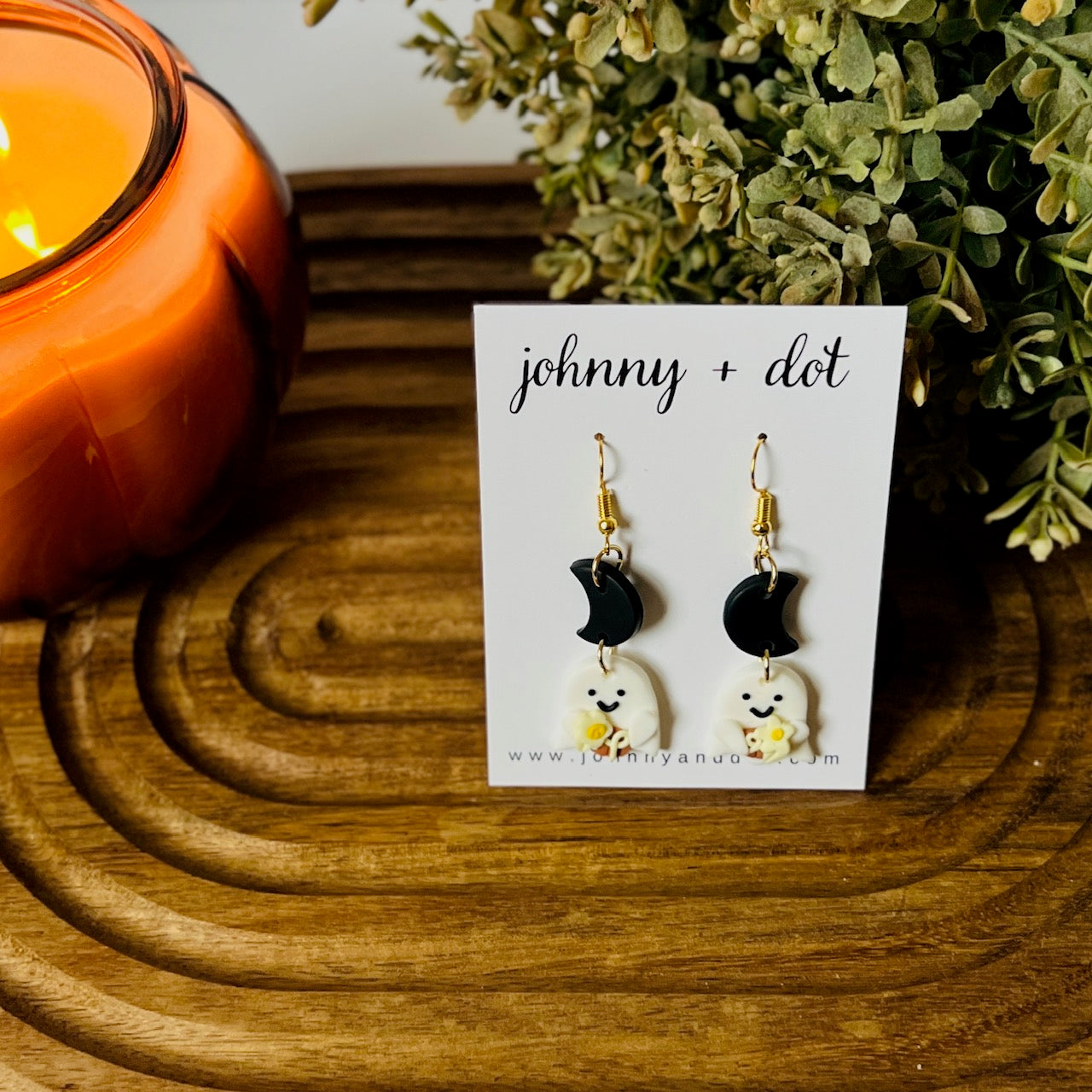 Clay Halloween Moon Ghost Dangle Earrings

*-*-*

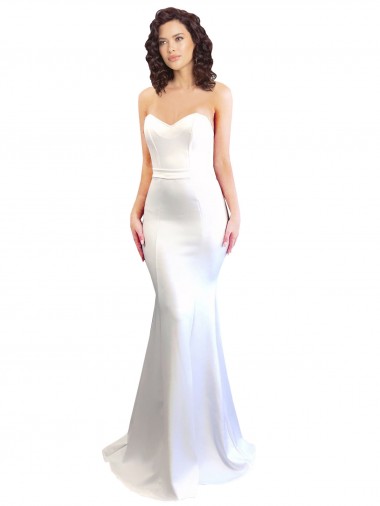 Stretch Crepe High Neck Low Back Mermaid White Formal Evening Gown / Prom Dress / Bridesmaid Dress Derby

*-*-*

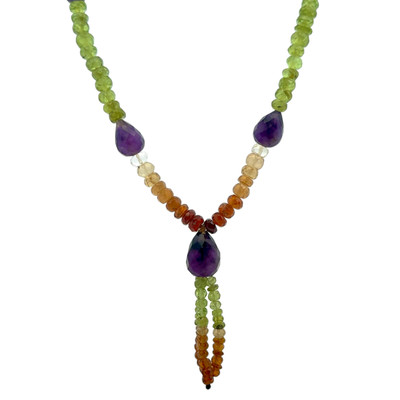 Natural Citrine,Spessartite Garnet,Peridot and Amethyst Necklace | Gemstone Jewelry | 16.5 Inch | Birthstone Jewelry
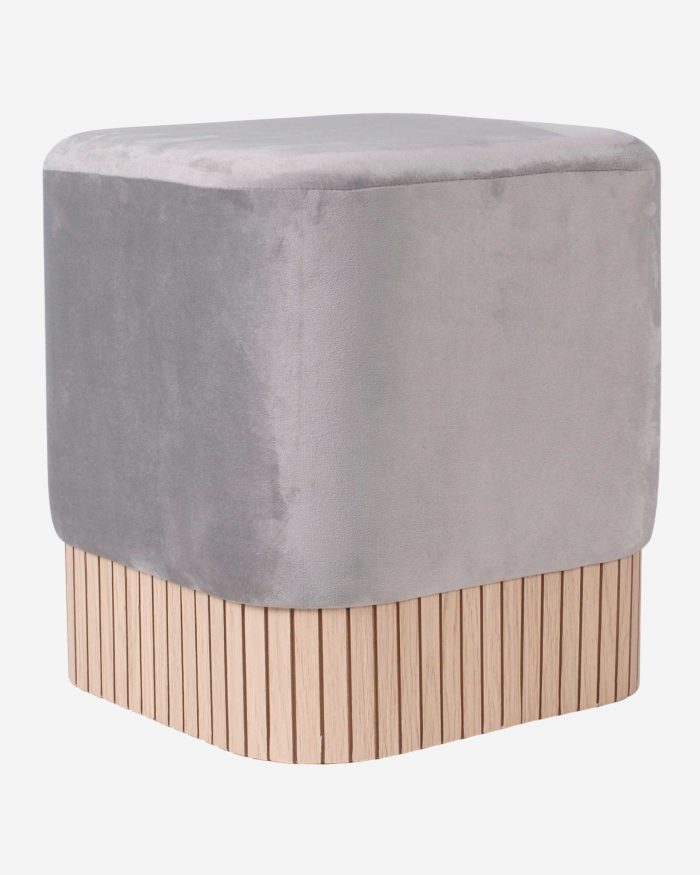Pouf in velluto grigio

*-*-*

▸ **INSTRUCTIONS TO FOLLOW**: Among the lines above, the one with "Natural Citrine,Spessartite Garnet,Peridot" opens the part to repeat and the one with "Pouf in velluto grigio" closes it; repeat only that part exactly, with no pictures.

▸ **ANSWER SPACE**:
 Natural Citrine,Spessartite Garnet,Peridot and Amethyst Necklace | Gemstone Jewelry | 16.5 Inch | Birthstone Jewelry
Pouf in velluto grigio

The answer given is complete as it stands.